In fact, many cabin installations don't even use inverters to convert into AC. They instead use DC appliances. So no, going through AC makes no sense in this scenario.
As for DC voltage levels, that of course is dependent on solar panel configuration and battery cells configurations/packing. Virtually all electric cars have a built in charger with a switching power supply that's already doing the DC voltage conversion. What I was remarking was that there is a lot of duplicate electronics that perform the same function and that a lot of intermediary steps can be eliminated.
Off grid is going to be designed to fit and probably cheap. Not always best. If you panels are near the batteries and near the load what you say can make sense (though I wouldn't be surprised if the charger had a AC step internally, that is clearly optional)
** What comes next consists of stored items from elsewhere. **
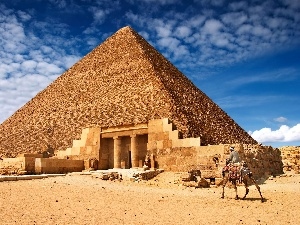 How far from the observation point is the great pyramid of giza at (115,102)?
94.9ft

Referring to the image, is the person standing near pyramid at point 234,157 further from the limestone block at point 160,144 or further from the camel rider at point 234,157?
the limestone block at point 160,144

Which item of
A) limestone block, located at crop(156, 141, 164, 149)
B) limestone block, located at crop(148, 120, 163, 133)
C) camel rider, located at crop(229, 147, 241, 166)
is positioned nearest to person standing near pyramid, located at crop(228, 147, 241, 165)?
camel rider, located at crop(229, 147, 241, 166)

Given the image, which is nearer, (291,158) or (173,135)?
(173,135)

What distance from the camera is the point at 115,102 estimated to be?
3225 centimetres

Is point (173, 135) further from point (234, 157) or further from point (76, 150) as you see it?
point (234, 157)

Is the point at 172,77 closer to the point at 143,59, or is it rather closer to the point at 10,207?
the point at 143,59

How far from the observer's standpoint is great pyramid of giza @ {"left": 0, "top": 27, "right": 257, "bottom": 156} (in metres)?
28.9

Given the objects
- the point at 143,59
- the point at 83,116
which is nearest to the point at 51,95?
the point at 83,116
That isn't what you would do for anything tied to the grid. This is far more common (economies of scale mean the parts are cheaper). There you would take advantage of AC's ability to change voltage easily to allow the panels to be farther from the rest of the system. You would also want to use the grid as a backup for any system failures in the solar setup.
With a charger that goes down to 750w you can charge your ev off grid with an inverter.
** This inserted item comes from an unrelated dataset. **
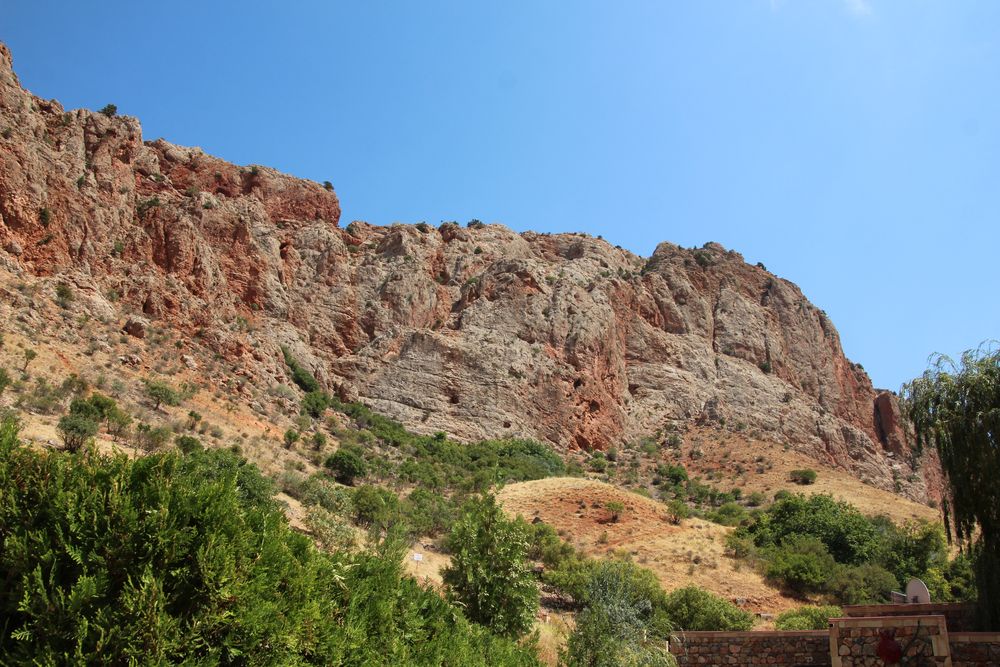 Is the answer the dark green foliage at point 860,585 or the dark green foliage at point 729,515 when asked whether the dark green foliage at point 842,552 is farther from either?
the dark green foliage at point 729,515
I currently do it with 12 100w panels. I run ac/dc converters to supplement additional dc from the grid to charge at 1500w, but have a 750w charger for emergencies that will charge directly from the sun with no grid. It does require a small buffer battery to work reliably.
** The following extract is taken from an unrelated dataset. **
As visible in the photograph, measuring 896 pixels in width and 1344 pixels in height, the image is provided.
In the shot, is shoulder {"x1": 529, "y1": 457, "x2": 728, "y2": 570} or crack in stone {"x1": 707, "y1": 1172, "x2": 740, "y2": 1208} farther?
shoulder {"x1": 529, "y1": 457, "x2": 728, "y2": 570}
at 750W, even with perfectly efficient energy transfer, you're looking at adding ~2.75 miles of range to your car every hour it's charging. That means during winter, if it's sunny, you might be able to charge your car all day and get 25 miles from it.
You'd be a lot better off with a jerry can and a $500 gasoline generator....
The article is citing needing 6-8 panels between 320-330 watts to charge a Tesla Model S; 8 if you live in the northeast United States (it's not backyard orientation, it's about where you live geographically), 6 if you live in the southwest United States. The "small" Tesla panel arrays that I mentioned are 4.08 kilowatts [1], which is more than enough even in the northeast to charge a Model S, or any EV. They take up 240sqft, which would fit in most backyards, although a roof mount would of course be preferable both because it'll get less shade and because it won't take up backyard space, unless you have a lot of open backyard space away from any existing structures.
Really. There's a reason Tesla sells solar panels, and it's because they can charge the cars Tesla makes. They can also lower your electric bills (or drop them to zero, or make you money depending on the region you live in), since even the smallest panel array they sell produces more electricity than an average American driver needs per year for an EV.
Do you own Tesla solar panels? I've heard mixed reports about them. I live in Northern California where there is a big solar presence but most of the solar people I've spoken to (installers and owners) say Tesla is too expensive and not particularly great.
I'll be doing solar panels on our roof when the battery storage tech becomes viable and PG&E start being sensible about individual electricity production.
I don't own Tesla solar panels! I'm just going off publicly available info. I'm willing to believe that Tesla is not competitive on price, although I would be surprised if their wattage numbers were fake.
If you include a battery backup in your system, you can run without grid power.
When I worked at a power monitoring start up we had a demo house that was charging an electric rav4, so it’s possible.